# Testing FewRel few-shot relation extraction

* goal is to make it like the demo at http://opennre.thunlp.ai/#/fewshot_re - in the demo it seems to work pretty well
* based on https://github.com/thunlp/FewRel
* use torch 1.3.1
* copy val_wiki.json as test_wiki.json in the data folder to make it work
* python requirements same as opennre
* the checkpoint files are very big, so they aren't in the repository.

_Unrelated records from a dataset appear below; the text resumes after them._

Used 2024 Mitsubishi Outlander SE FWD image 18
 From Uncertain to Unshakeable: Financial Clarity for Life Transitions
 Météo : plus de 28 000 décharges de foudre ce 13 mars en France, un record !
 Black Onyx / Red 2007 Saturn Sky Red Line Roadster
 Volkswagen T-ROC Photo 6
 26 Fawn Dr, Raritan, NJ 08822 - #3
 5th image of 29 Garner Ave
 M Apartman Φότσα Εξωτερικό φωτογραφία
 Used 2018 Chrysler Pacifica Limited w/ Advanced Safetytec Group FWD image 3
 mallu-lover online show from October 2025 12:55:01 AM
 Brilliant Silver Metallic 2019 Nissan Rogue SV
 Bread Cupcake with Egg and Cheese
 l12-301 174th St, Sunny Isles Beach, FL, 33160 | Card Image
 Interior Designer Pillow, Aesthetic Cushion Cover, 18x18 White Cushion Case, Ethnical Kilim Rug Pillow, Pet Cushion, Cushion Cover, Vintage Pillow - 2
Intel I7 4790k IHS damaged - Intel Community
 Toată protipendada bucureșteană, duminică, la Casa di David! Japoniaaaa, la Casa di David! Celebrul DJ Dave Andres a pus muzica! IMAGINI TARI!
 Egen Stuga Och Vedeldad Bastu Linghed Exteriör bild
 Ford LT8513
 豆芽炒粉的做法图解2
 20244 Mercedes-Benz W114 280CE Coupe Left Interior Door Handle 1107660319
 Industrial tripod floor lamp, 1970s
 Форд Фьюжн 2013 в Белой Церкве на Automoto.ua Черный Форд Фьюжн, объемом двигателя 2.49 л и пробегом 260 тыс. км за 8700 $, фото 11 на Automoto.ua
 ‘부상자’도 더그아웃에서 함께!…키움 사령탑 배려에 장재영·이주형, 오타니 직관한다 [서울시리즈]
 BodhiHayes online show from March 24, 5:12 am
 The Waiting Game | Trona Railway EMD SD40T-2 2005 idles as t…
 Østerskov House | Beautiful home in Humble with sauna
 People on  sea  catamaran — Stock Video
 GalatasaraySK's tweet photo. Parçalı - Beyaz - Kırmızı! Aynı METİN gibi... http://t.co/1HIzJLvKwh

One checkpoint is at https://drive.google.com/file/d/1yiz3q3xNz-llsY55g5OdodxiH1RThYuz/view?usp=sharing
* can't train on prof song's gpus, not enough vram. the hpc computers have enough vram, but i couldn't get pytorch to work on them, it uses a 10 year old version of linux.... 
* however testing using this code does actually work on the gpu (but you would need to use cuda pytorch (refer to pytorch.org) and whereever you are using model do "model = model.cuda()", and also "tensor=tensor.cuda()"). refer to test_script.py
* on my laptop cpu this code takes about 2 seconds per query, on the gpu it's a lot faster, runs in under 1 second. the speed seems fine, but more testing is required to really find out. 
* i noticed that after a lot of training the model seems to overfit, so it doesn't work properly on the testing data. therefore we should probably make our own benchmark in order to compare different models to each other
* the maximum length is in terms of the number of bert tokens, not in terms of the number of characters in the sentence. increasing it seems to work fine


In [None]:
checkpoint_path = "checkpoint/pair-bert-train_wiki-val_wiki-5-1.pth.tar"
bert_pretrained_checkpoint = 'bert-base-uncased'
max_length = 128

In [None]:
from fewshot_re_kit.data_loader import FewRelDatasetPair, get_loader_pair
from fewshot_re_kit.framework import FewShotREFramework
from fewshot_re_kit.sentence_encoder import BERTPAIRSentenceEncoder
from models.pair import Pair
import os
import torch

from spacy.tokenizer import Tokenizer
from spacy.lang.en import English
import spacy
import neuralcoref


In [None]:
sentence_encoder = BERTPAIRSentenceEncoder(
                    bert_pretrained_checkpoint,
                    max_length)

In [None]:
# meow_loader = get_loader_pair('val_wiki', sentence_encoder,
#                 N=5, K=1, Q=1, na_rate=0, batch_size=1, encoder_name='bert')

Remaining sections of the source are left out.